Langsam, fast zögernd spürte sie seine Hände an ihrer Seite. Jedes einzelne ihrer feinen Härchen erzitterte, ließ sie schaudern, Gänsehaut entstehen. Sie atmete schwer, dabei hatte er noch gar nicht angefangen, sie zu reizen. Heute wollte er sie wahnsinnig machen vor Lust, vor Verlangen, vor der Sehnsucht nach ihm; wollte ihr zeigen, dass nicht der pure Akt an sich sein Ziel war, sondern der Weg, den er gemeinsam mit ihr gehen wollte. 


Mit den Fingerkuppen kleine Kreise auf ihrer Haut ziehend und dabei kurze Küsse auf ihren Hals hauchend tastete er sich langsam nach unten.
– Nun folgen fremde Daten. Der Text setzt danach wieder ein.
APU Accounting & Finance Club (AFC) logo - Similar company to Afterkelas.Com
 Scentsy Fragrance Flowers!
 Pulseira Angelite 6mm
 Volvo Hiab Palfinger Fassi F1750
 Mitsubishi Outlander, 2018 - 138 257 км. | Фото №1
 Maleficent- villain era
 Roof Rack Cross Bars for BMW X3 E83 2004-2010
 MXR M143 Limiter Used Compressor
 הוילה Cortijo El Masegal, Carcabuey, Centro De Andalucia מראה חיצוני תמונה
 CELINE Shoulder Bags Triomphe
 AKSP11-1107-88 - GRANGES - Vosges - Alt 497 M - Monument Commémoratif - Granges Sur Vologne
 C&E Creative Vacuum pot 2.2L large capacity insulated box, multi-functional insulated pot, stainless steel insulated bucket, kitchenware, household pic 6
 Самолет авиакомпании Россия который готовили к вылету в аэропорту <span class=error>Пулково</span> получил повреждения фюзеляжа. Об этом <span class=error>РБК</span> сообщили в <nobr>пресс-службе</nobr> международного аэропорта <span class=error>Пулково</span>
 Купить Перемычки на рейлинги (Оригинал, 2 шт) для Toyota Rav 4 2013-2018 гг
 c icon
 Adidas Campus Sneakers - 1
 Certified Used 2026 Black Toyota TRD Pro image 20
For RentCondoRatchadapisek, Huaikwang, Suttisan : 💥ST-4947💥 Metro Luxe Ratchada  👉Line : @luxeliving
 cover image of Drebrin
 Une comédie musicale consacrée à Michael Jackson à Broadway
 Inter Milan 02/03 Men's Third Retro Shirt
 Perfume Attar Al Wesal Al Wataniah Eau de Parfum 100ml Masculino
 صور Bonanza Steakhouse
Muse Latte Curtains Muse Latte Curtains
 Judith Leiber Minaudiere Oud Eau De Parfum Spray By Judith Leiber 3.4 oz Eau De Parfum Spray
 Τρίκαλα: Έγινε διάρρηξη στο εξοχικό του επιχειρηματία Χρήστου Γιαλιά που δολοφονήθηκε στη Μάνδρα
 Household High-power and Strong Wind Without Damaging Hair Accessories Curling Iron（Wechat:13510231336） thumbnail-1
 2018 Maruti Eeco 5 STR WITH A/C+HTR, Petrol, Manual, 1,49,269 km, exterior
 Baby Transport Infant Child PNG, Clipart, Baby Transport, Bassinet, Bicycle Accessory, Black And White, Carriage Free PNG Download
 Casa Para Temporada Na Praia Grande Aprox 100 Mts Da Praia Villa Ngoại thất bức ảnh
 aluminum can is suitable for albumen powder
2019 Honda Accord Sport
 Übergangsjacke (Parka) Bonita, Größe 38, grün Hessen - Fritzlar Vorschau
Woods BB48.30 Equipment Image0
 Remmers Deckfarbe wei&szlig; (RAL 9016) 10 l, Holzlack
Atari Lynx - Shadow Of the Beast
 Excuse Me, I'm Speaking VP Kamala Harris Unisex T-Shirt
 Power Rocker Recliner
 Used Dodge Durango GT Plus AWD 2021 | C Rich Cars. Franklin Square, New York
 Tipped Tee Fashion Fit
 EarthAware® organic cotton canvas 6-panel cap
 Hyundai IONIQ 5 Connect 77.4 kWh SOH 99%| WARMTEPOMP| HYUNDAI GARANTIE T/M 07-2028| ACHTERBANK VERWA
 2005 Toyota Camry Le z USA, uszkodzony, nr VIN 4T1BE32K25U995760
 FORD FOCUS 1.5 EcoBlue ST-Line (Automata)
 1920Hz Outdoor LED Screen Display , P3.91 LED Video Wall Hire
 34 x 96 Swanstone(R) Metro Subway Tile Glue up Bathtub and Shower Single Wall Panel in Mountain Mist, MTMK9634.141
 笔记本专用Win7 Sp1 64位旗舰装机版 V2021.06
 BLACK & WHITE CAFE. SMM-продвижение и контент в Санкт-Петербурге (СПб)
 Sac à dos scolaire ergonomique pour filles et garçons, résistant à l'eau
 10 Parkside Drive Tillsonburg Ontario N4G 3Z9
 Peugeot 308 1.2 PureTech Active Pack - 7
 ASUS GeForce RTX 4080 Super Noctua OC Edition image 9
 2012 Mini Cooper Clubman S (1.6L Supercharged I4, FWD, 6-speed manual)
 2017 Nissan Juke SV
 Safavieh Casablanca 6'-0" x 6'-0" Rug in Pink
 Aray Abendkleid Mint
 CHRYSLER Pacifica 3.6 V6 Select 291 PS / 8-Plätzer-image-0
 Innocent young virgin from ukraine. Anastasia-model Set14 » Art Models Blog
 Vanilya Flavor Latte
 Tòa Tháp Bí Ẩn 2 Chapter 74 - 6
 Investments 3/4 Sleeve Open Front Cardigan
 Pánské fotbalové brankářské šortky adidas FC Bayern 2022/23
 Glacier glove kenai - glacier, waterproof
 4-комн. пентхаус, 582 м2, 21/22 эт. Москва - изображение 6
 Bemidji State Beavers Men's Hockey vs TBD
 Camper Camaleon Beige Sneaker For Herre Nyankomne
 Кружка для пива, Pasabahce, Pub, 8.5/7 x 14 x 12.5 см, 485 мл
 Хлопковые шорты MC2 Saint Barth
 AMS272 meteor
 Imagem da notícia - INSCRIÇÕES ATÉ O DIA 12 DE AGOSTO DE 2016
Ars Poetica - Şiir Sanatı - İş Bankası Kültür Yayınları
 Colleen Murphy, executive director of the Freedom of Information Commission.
Ihre Erwartung -- den schnellen Griff zwischen die Beine -- erfüllte er diesmal nicht.

Am Morgen hatte er sie so genommen, hart und tief, animalisch und wild -- sie hatte es genossen, seine Erregung zu spüren und er liebte es, wie sie sich ihm hingab. Ohne Kompromisse, ihre pure Lust als Geschenk, ihrem Verlangen nach Erlösung nachgebend und seiner selbst versichert, dass sie -- und auch er -- einen schnellen Fick wollten, ihn brauchten, um den Tag befriedigt beginnen zu können.


Jetzt war es anders. 


Kurz spürte er die Versuchung, sich auf sie zu werfen und sie einfach zu nehmen. Sie hätte es genossen, das wusste er. Aber dann besann er sich, zuckte zurück, als seine Finger ihrer Klitoris, ihren Lippen zu nah kamen und lächelte kurz in sich hinein, als sich ihre Enttäuschung in einem Zucken manifestiert.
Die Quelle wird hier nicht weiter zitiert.